The EU Referendum Act passed last year gives an exceptional vote to members of the unelected House of Lords, as well as to Irish and Commonwealth citizens living in the British territory of Gibraltar off the southern Spanish coast.
“The people it arbitrarily excludes are those UK citizens who are among those most likely to be affected by the decision taken by voters in this referendum,” said Richard Stein, the Leigh Day lawyer leading the case.
“Not to allow them to vote on the decision whether the UK remains part of the EU is unlawful and we have asked the court to deal with the issues urgently so that the act can be amended before the June date, to include all UK citizens residing in the EU for however long,” he said.
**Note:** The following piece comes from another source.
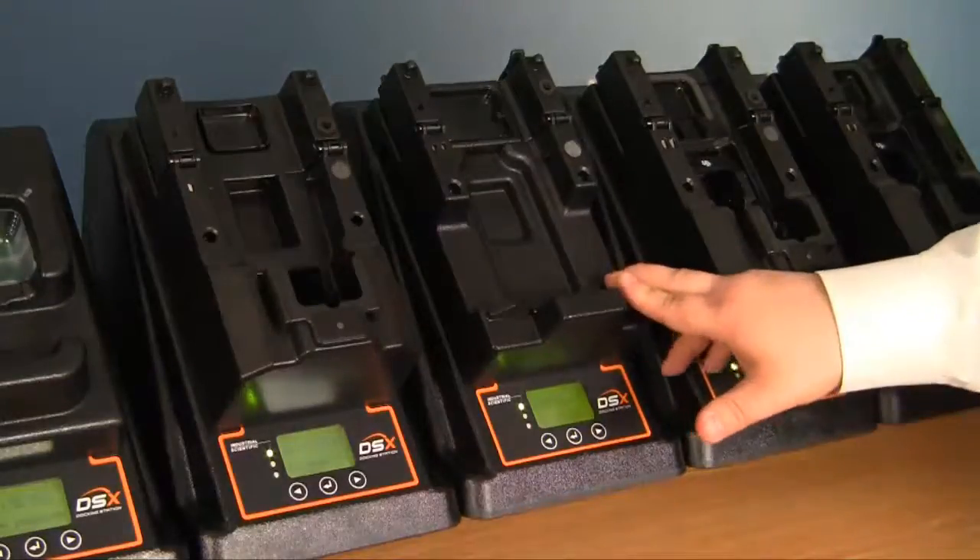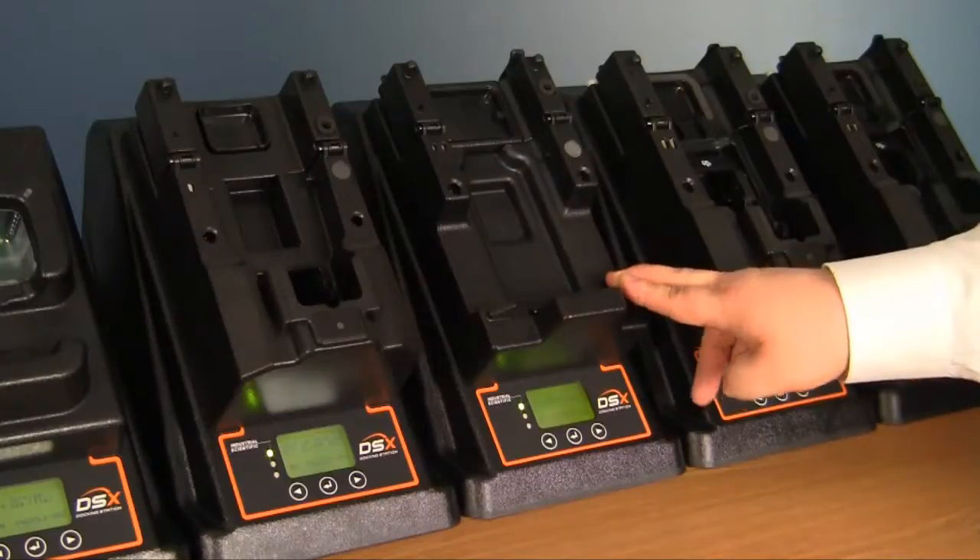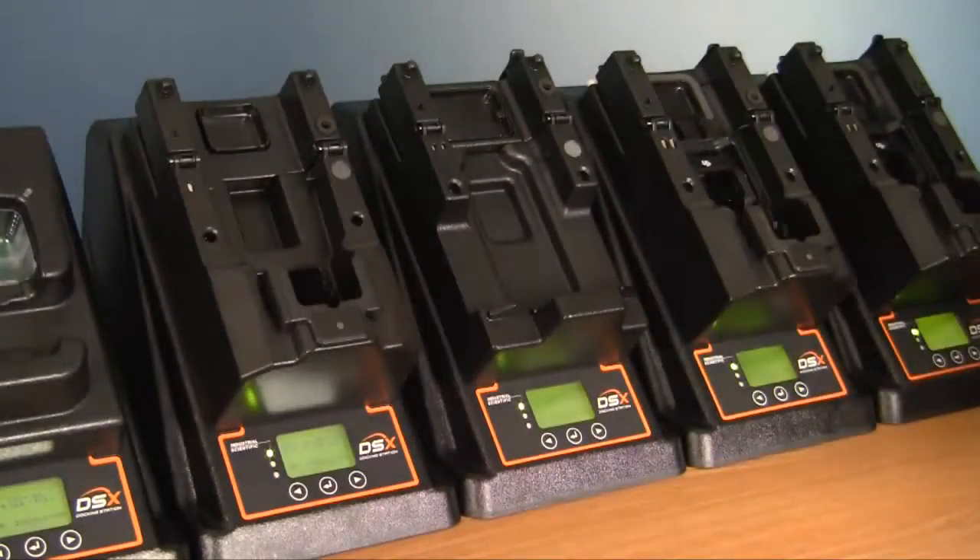The MX-6 docking station can be set up to accept either pumped or non-pumped instruments. Currently this one is set up in diffusion mode, or non-pumped instrument.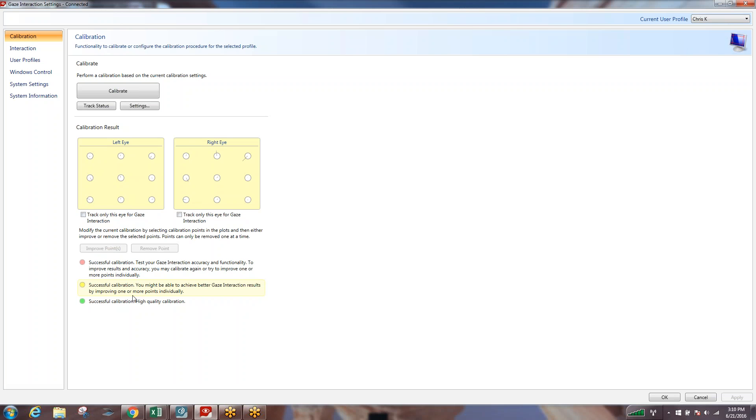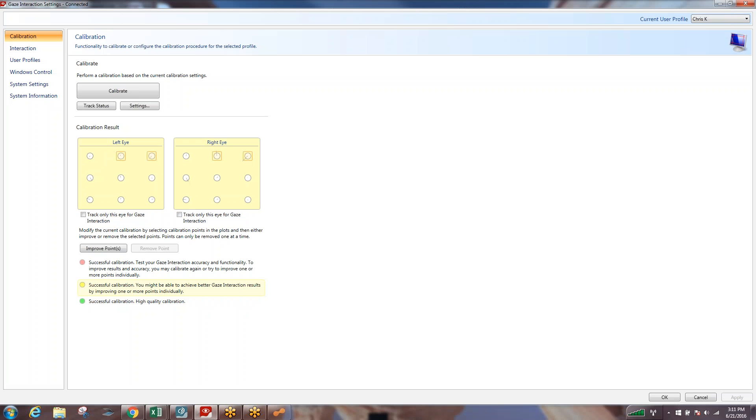I'm going to concentrate a little bit harder. I still didn't get a dialed-in green calibration — I have a yellow calibration. Now, yellow, green, or red — they are all still successful calibrations, so please don't get too hung up on the color. All it's telling you is that there may be areas where we could tighten things up and get a little more precise. I'm going to try and improve those two points again, and it took me to a green calibration. This means I'm probably going to be pretty precise with my calibration and my ability to access smaller targets on the screen.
15,000 sign online petition
The High Court in London confirmed it received papers on Wednesday seeking an urgent judicial review of the compatability of the EU Referendum Act with European Union law.
“This is the first step in the process of applying for a judicial review, so there is no court hearing at this stage,” a court spokesman told AFP.
“That decision will be made by a judge,” he added, without giving a timescale.
Shindler, who fought in Italy during World War II and retired to the country in 1982, lost a challenge to the 15 year general election rule at the European Court of Human Rights in 2013.
“It leaves us speechless to think anyone can stand up in parliament and deny another Brit the right to vote,” Shindler said this week from his home in Porto d’Ascoli.
An estimated 1.2 million Britons live in the European Union, according to a parliamentary report, and many are concerned about the impact that a so-called Brexit would have on their rights.
Leigh Day claimed that up to two million people could be affected.
A government spokesman said the franchise issue had been “debated, considered and agreed” by parliament.
He noted that in the long-term – but not in time for the referendum – ministers remained committed to a promise to scrap the 15 year rule.
A petition to allow all British expatriates to vote in the referendum, launched in November, has attracted almost 15,000 signatures.